One way to further the goal of understanding the PSF is to intentionally make it easy to model (as opposed to 'as small as possible'), as is done in many forms of non-redundant aperture mask imaging. I believe that the trade-off there is that you lose both field of view and the (obvious) loss of the light that gets blocked.

In practice, though, you're usually better off getting a bigger camera, or compensating for the atmosphere (e.g. lucky imaging and adaptive optics) if your imaging is seeing limited. Thus, the limits imposed by the Nyquist sampling theorem are more practical, not theoretical. It's also prone to mislead you if you don't remember that pixels are not points, they're little buckets that collect light that falls into a finite area. Talking about it "sampling" some function, implicitly uses the mean value theorem to say that the amount of light collected divided by the pixel's area gives the value of the image's brightness there. What's often dropped is the caveat that it's the brightness somewhere inside the pixel, not necessarily at the pixel's center. This is usually a very small effect, which is why it's often ignored, but when you're talking about working at the resolution limit and having pixel sizes comparable to that resolution, the distinction may become important. Roughly speaking, if the PSF is highly curved within the pixel, the offset from pixel center of the mean value can become significant.

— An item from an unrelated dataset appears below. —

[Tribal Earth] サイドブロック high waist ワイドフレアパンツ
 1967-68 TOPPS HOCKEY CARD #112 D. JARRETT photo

One way to think about what drizzle gets you is that by moving the pixels between images, you move around the light buckets. In principle, with enough images at different offsets you can probably push the pixel density of the image to the limit of your ability to reconstruct the size of the offsets (usually the pointing of the camera/telescope, though I know of no reason why the sensor couldn't be moved around on some stepper motors attached to micrometers), or the sharpness of the divides between the pixels (the ability to gather light is neither uniform over a pixel, nor could the pixels fill the detector from edge to edge completely, these are just really good approximations most of the time).